What needs to be done —
Needed from the data below: every line from the one with "Photo 5 of 2004" up to and including the one with "32615 Murray Avenue #12", repeated exactly and with nothing else.

*** Opening Data in this exercise ***

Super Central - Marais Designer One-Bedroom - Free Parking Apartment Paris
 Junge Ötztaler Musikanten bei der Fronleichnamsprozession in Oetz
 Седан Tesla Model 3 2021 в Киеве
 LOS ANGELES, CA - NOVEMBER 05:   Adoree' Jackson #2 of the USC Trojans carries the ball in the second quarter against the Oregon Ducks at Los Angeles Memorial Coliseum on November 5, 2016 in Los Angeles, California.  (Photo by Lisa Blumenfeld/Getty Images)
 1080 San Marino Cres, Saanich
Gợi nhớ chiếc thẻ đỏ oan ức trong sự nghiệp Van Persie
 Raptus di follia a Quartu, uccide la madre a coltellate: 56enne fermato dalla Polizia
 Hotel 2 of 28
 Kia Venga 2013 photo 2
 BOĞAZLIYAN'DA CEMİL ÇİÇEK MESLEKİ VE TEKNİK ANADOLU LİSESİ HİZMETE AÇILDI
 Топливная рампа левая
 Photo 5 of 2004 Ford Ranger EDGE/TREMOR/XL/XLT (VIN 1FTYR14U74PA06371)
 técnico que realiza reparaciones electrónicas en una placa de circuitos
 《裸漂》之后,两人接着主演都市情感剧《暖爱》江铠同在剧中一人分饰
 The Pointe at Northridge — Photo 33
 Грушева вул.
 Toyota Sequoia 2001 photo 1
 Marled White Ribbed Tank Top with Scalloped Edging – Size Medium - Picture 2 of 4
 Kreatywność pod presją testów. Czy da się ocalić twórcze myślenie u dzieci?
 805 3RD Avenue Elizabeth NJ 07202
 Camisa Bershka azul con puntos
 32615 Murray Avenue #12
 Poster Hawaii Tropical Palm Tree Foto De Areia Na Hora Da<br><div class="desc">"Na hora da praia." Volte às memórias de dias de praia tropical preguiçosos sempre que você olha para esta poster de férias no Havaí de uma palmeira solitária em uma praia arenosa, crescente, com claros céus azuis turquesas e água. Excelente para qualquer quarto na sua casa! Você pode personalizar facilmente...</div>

*** Closing Data in this exercise ***

Result of the task —
 Photo 5 of 2004 Ford Ranger EDGE/TREMOR/XL/XLT (VIN 1FTYR14U74PA06371)
 técnico que realiza reparaciones electrónicas en una placa de circuitos
 《裸漂》之后,两人接着主演都市情感剧《暖爱》江铠同在剧中一人分饰
 The Pointe at Northridge — Photo 33
 Грушева вул.
 Toyota Sequoia 2001 photo 1
 Marled White Ribbed Tank Top with Scalloped Edging – Size Medium - Picture 2 of 4
 Kreatywność pod presją testów. Czy da się ocalić twórcze myślenie u dzieci?
 805 3RD Avenue Elizabeth NJ 07202
 Camisa Bershka azul con puntos
 32615 Murray Avenue #12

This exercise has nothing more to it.